Spoiler alert! Do not proceed if you have not watched the first three episodes of The Boys season 2.
The first three episodes of Amazon Prime Video's The Boys are here, and the Seven have a lot to contend with, including, but not limited to, the arrival of Translucent's (RIP) replacement, closeted racist supe Stormfront (You're the Worst's Aya Cash). Then there's the whole matter of Translucent's all-for-show funeral, Homelander's attempt at being a father figure to his and Becca's son, Ryan, and Stormfront becoming public enemy No. 1 after undermining Homelander's leadership and killing Kimiko's brother.
ET's Leanne Aguilera caught up with the stars and creator Eric Kripke to get the dish on some of the most memorable moments from the first three episodes. First up, Starlight's singing performance at Translucent's memorial service, which was really Moriarty showing off her pipes.
"It is me singing. My introduction into the world of performing was singing but that was when I was much younger and that was what I initially wanted to do. I wanted to be a singer and then it turned into acting, so it was cool," Erin Moriarty said of the scene in the first episode. "When Eric Kripke, our showrunner, approached me, he was like, 'Listen, you're going to sing a power ballad in episode 1 of season 2 and we're going to go for it. We want it to be as Celine Dion-esque as possible. We're going to lean into the cheese factor.' I was like, 'I am in.'"
"I was nervous," she admitted. "Singing gives me stage fright more than anything else, but luckily I got to record it before, and then on the day it was more like lip-syncing. It was such a perfect [scene] when I read [it]. I found out that that was the first moment you were going to see me [in] the most cheesy situation possible, with Homelander and that going on in the background with Translucent.
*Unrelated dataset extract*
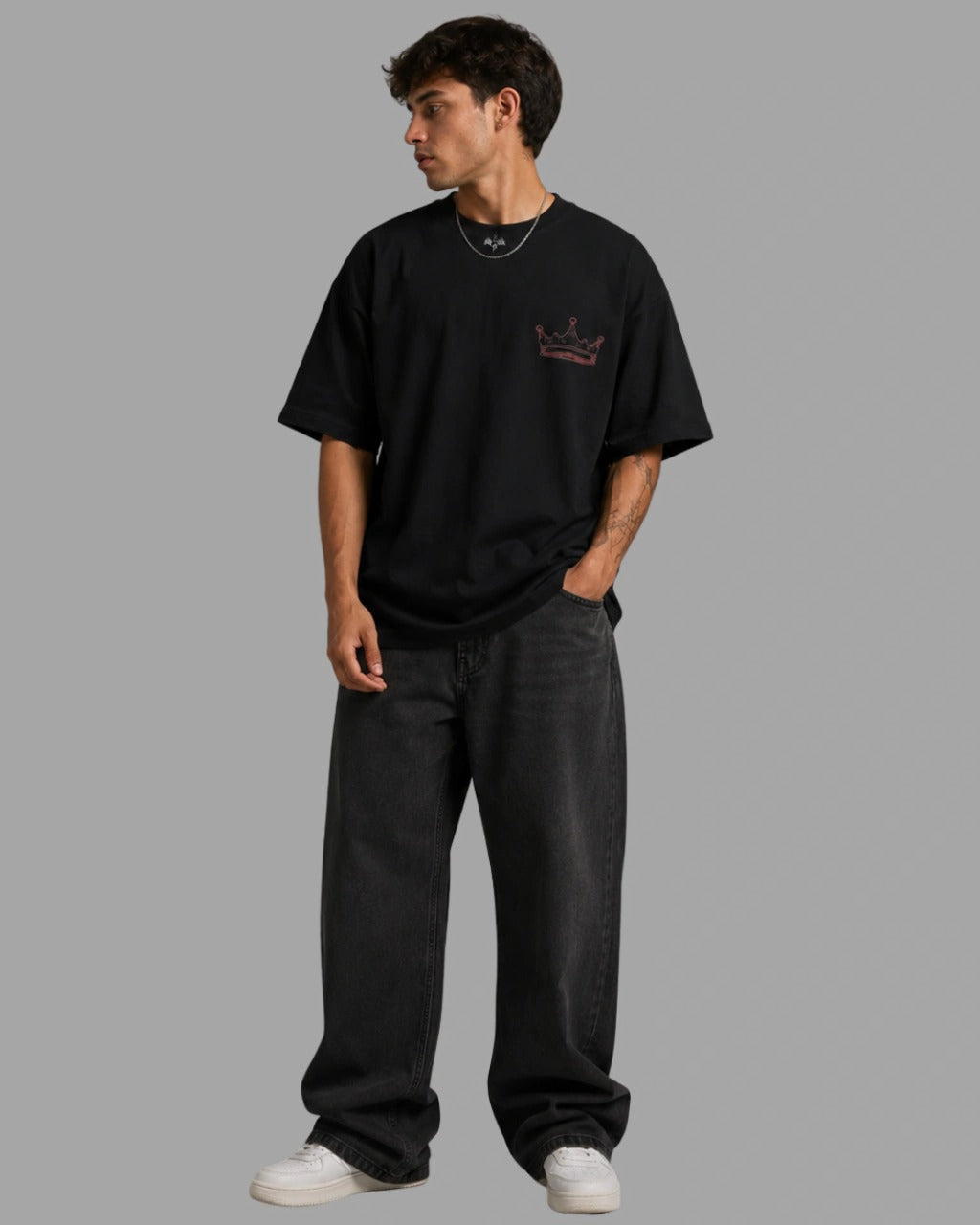 Camiseta Oversized "ELE É O REI"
I was gung-ho about it."
"I was on that day and Eric was there, and he was like, 'Come here,' and you press play on his phone and he basically showed me the pre-recorded track," co-star Jack Quaid recalled. "You sing so well... I've done karaoke with you but it was so good. I was so impressed."
A major change from the comics to TV is Homelander's journey to figuring out what fatherhood means to him. In the graphic novels, Butcher kills Homelander's baby. Here, he's presented with the opportunity to try and embrace being a father figure to his and Becca's son, Ryan, whom he manipulates into using his powers -- which doesn't end well for Homelander.
"Emphasis on the word try. That's the great thing about this show and this is what Eric said right off the bat when we came into season 2. He said whatever the characters think they've got, whatever they're holding onto and whatever they've been fighting for and achieved in season 1 is going to be taken away across the board -- not just Homelander, but all of the characters," Antony Starr said. "And he was true to that and that forces the actors to think on behalf of the characters in a different way and to adapt and evolve and grow and it keeps everything fresh. It really keeps you on your toes."
"And so, the parenting thing, yeah, what do you say? When a narcissist tries to parent, it is lumpy at best and we've seen the fist bump on the lawn and then it kind of goes neither uphill or downhill [but] sort of swings from there," he continued. "It's very interesting from episode 3 on."
Kripke explained that keeping Homelander and Becca's son around made the most creative sense because of all the conflict that his existence could create for multiple characters.
"From a just a writer's perspective, the kid is a perfect character. He's half the thing Butcher loves most in the world and half the thing Butcher hates most in the world, so you don't get rid of that character," he said. "From the very, very beginning of the show we knew we were going to keep that child alive and have Becca be raising him because there was just so much to talk about. In season 2, he has a huge impact on all the characters and he draws out weird paternal instincts [in] Homelander, who is, spoiler alert, a truly s****y father. It gives Billy Butcher a whole new motivation in the season, so it just did so many great things that we wanted to take a stab at it."
Death looms large on The Boys and is part of the high stakes woven into the universe in which The Boys and The Seven operate in. That tension, Kripke said, is partially why no character is ever safe from the ultimate demise.
"That's a really healthy tension for the audience to never quite know who's going to live and who's going to die. You have to do it every so often because you start to fall into a pattern of like, 'Oh well I know this character is safe and so I'm not going to engage as much in a dangerous situation,'" Kripke said. "But it's the real world. We're trying to show these are superheroes in the real world and in the real world people die."
New episodes of The Boys drop weekly on Amazon Prime Video.